The nation has been so contemptuously taken on such a merry-go-round of untold embarrassment. And never again should it happen. Nigeria went through a lot of pains before regaining her footing in democracy, 16 years ago. Any act capable of reversing the progress so far made or even alter, however slightly, the journey, be it out of incompetence of institutions or inordinate ambition of persons, is reprehensible and unacceptable.
As apprehension and fear gave way to disappointment and forlornness over the polls, the ominous uncertainty surrounding the electoral process took a turn for the worse with that six-week postponement till March 28 and April 11 by Jega, the INEC chairman. He had ascribed the delay to inadequate security cover, even as the National Security Adviser, Col. Sambo Dasuki (rtd), had a few days earlier, suggested a possible postponement on account of INEC’s unpreparedness. Curiously, Professor Jega told the Council of State too that he needed more time but did not tell the Press that when he briefed on postponement. The outrage already expressed by Nigerians and the international community in the last few days speaks volume of the mess that the shift is and how low the credibility of INEC has descended. That mess must now be cleared with credible polls on the new dates.
But far more than anger or anything else it engendered, the sudden postponement remains an impudent assault on the collective aspirations of the Nigerian people as well as a national embarrassment considering the fact that the world was literally waiting with bated breath on Nigeria and international observers had organised and stationed themselves to monitor elections from February 14.
And, surely, it should elicit suspicion when Nigerians take time to ask a few pertinent questions: At what point did it appear to those concerned that security arrangements for the elections were inadequate? What is the implication of this scenario for the reputation of the country and of the armed forces?
Firstly, the postponement, with all its after-currents, tends to have lowered Nigerians’ ability to live down mistakes. Years of broken promises by the government and the consequent mistrust on the part of the people have tended to tighten their threshold of tolerance to such a point that Nigerians are unaccommodating, if not outright apathetic of government’s actions and directives, however genuine such may seem.
Secondly, the postponement reflects the heightened state of impunity and indecorous professional conduct in government circles. That the government could violate its hierarchy of authority, when the President’s National Security Adviser first elected to suggest a postponement to a foreign audience, hints of an imprudent display of statecraft. Pray, on whose authority and on what basis did a staff officer of the Presidency speak in that manner? Notwithstanding the situation, as the ethos of modern democracies demand, the military cannot tell the nation what it (the military) cannot do, rather it should only state its needs for carrying out the directives given it by the state. Which is what makes the excuse that the elections were postponed because of security agencies’ claim of inability to provide the said security, all the more puzzling!
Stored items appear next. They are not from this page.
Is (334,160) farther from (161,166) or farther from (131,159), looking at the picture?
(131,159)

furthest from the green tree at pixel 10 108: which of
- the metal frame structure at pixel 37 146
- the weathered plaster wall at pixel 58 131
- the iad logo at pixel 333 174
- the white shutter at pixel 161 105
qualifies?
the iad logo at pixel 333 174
The motive apart, the execution of the postponement advertises a certain violation of presidential protocol, for it exposes a communication break in the leadership chain; a faux pas that inappropriately privileges one position and undermines another. Be that as it may, those who allegedly posit security reasons as a vacillation tactics are not only expressing the helplessness of the Commander-in-Chief via the Minister of Defence, they are also breaching the command structure. All in all, the impression created is that the President is being held hostage by the service chiefs or their cohorts and that he seems to be unable to supervise the process.
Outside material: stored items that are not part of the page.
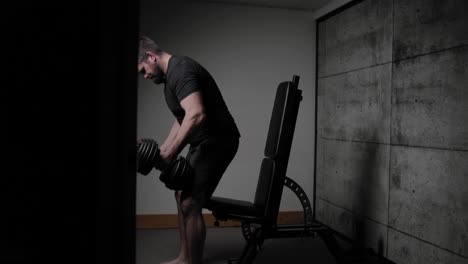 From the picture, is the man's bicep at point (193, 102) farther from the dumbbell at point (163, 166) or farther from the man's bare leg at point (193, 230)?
the man's bare leg at point (193, 230)

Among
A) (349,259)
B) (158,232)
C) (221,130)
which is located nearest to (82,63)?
(221,130)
This being the case, where has the present state of affairs left Nigeria? What are the prospects of the forthcoming elections? How does the nation go about this challenge?
Not only must the elections hold as rescheduled, Jega should use the opportunity to redeem his image and that of INEC by reclaiming the people’s trust. It appears that a dark cloud of mistrust now overshadows the polity and Nigerians cannot have elections when they have no trust in the electoral commission. INEC must, therefore, produce a detailed map of what it wants to do, and then tell Nigerians how it intends to do it in the remaining five weeks.
Already the security line of reasoning has been argued ineffectively to absurdity. When, in 2010, an inter-agencies committee for election security was set up, Jega was the head of that committee. So he could not have been taken unawares by the security situation of the country. If he chooses to convince Nigerians along this line of thought, then he is exploiting the precarious state of insecurity as a cover-up for INEC’s incompetence and unpreparedness. This is very unfair.
As it is true that verification of voters would require card readers, it is right to ask whether these card readers are available in sufficient numbers, and whether the electoral officers who will man the equipment have been trained. More than that, Jega ought to apologise to Nigerians for hiding under the dubious security cover to shift the elections when as it now turns out, his commission was grossly unready. INEC is still to complete the distribution of the Permanent Voter’s Cards (PVC), and has not undertaken a dry run of the process. How does he expect Nigerians to be confronted with a trial and error system of voting on Election Day? Ignoble as the election shift may be, it is evidently a gift to INEC, even though Jega refused to acknowledge this.
As for the election and post-election security, there is need for proper organisation of the security forces with a view to making each unit do its duty to Nigeria. There is need for systematic alignment of the security operations, such that all the different services and even regimental units would do their assigned job. To do this would require the emergence of committed, patriotic officers, who would marshal out a deployment plan for the election. And to contain the Boko Haram threat before, during and after the elections, Nigeria needs a tough, strong commanding officer at the helm of operations.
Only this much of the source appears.